→ Exercise data
----
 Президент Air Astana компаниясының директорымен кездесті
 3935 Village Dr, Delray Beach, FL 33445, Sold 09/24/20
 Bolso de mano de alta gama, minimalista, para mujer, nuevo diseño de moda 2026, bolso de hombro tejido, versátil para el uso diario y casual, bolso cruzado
----
Going line by line, set down the data above exactly as given.

 Президент Air Astana компаниясының директорымен кездесті
 3935 Village Dr, Delray Beach, FL 33445, Sold 09/24/20
 Bolso de mano de alta gama, minimalista, para mujer, nuevo diseño de moda 2026, bolso de hombro tejido, versátil para el uso diario y casual, bolso cruzado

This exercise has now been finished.